More weeks passed, more conversations, two more food invites.

No and no.  Thank you.

By now a couple of months have gone by and we have seen each other pretty much every day.  There has even been eating together.  But only at certain types of restaurants (non-date types) and only in separate cars. Because I would never date this guy.

A Friend asked why I wouldn’t date him.  What follows here is either a pretty darn close recreation of one conversation or a composite of several conversations.  But the overall effect is definitely intact.

“Can’t,” I said. “He’s Jewish; I’m Catholic.  Kind of a big disparity there.  He’s too Jewish.”

Friend: “And?”

Me: “And he’s too short.  And too young and too bald and too works with me.”

Friend: “What?”

Me: “I do not date guys who are shorter than me, younger than me, balder than me, or who work with me.  Bad ideas.  Trust me.”

Friend:  “I see.” (Insert annoying knowing look in my direction here.)

Me: “What?”

Friend: “You’re already dating him.”

Me: “I am not dating him.  I would never date him.”

Friend: “Well, that’s hysterical because you are already dating him.  In fact, you’ve been dating him for like two months.  Everybody knows it but you.”

Me: “No.”

Friend: “You need to just admit that you are dating him because he’s your lobster.”

Me: “Excuse me?”

Friend: “Your lobster.  Like on Friends.  There’s the episode where Phoebe says that Ross is Rachel’s lobster because lobsters mate for life and hold claws and Ross and Rachel belong together and then they get together and he’s her lobster.”

Me: “Oh. My. God.  He is NOT my lobster.”

Friend: “He is.  Shut up.  You’re dating him.”

Very soon after, I guess I decided to stop being either clueless or stubborn, because I realized that I liked him.  A lot.  And I had liked him for quite some time.  As a result of this epiphany, he now made me nervous all the time.

One evening we were with some other co-workers (food was involved, of course) and eventually everyone else left but me and Mr.
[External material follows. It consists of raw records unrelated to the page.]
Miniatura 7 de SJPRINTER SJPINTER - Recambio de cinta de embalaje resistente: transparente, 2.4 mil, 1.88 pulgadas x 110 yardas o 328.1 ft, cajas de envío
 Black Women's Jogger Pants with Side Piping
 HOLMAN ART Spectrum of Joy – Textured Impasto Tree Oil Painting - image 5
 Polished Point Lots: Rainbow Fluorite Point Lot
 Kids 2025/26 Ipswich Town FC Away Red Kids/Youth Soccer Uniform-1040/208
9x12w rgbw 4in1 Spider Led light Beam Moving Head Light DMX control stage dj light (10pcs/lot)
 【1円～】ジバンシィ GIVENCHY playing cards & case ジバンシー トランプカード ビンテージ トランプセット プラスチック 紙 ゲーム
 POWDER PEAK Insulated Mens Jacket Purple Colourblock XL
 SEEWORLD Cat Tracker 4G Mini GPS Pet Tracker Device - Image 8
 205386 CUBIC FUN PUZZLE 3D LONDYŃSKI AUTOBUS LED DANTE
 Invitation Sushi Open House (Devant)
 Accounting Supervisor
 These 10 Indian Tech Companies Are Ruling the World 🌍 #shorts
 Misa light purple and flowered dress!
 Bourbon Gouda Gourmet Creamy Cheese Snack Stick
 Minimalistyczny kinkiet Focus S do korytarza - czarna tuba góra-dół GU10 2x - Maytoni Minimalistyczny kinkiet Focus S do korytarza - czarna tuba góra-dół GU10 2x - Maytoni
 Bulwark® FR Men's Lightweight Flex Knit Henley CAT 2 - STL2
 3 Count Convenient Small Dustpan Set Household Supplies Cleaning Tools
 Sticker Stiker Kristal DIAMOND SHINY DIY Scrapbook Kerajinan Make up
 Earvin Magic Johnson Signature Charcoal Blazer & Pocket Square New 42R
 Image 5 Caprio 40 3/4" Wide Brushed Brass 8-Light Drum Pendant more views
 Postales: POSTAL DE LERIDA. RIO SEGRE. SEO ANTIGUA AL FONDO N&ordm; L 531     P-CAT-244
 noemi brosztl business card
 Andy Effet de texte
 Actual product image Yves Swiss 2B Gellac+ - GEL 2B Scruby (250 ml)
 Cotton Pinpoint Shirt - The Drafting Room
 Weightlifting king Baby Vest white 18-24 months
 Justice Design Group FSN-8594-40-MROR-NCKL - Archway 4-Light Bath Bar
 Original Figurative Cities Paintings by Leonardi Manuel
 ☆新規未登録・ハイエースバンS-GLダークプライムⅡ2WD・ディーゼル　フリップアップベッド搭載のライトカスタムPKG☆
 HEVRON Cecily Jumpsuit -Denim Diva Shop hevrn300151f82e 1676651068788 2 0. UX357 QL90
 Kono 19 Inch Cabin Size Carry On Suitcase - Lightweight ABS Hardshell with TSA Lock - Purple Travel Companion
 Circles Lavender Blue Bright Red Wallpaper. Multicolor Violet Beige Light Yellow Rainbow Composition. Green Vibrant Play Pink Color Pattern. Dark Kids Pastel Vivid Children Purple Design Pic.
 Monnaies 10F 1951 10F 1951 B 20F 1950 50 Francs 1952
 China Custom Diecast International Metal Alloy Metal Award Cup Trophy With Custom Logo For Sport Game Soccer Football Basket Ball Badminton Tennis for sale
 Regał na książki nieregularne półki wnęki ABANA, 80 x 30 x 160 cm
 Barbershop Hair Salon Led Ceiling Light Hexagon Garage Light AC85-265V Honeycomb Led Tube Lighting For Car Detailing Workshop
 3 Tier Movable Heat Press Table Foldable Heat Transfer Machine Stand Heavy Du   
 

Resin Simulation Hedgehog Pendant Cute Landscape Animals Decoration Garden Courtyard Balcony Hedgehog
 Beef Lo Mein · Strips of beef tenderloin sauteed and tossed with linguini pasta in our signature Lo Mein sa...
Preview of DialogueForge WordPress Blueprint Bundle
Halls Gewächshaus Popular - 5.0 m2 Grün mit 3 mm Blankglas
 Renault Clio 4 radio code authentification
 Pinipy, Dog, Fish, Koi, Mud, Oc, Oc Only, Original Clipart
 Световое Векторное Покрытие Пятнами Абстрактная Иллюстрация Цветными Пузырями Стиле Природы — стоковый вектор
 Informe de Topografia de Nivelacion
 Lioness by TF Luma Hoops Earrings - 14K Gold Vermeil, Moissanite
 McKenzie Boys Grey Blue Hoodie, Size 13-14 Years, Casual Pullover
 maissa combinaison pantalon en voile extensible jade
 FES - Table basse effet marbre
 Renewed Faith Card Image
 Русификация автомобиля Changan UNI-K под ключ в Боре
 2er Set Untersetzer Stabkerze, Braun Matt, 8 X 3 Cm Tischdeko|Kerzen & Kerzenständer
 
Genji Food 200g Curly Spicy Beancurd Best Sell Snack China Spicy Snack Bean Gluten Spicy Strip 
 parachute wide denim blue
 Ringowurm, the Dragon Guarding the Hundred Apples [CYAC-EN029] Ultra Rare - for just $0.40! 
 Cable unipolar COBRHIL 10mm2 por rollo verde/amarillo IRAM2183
Too Everything.  Behaving as the Absolute Gentleman that he is, he asked if he could please kiss me good night.

I said no.

Twice.

See, while that was completely sweet and gentlemanlike, it made it…weird.  So I told Him that the good night kiss would be fine in theory, but would probably work better if he did not announce it immediately prior to doing it.  So it wasn’t weird.  (Because the whole thing isn’t already completely weird by now.)

I am so good at making perfectly normal things weird.  Honestly, I was really annoying.  I would have completely given up by this point.  Or probably sooner.

Eventually, he kissed me.  And then we were inseparable.  And then we got married.

But we never dated.  (Ask Him…he’ll agree.)

And he is, most assuredly, My Lobster.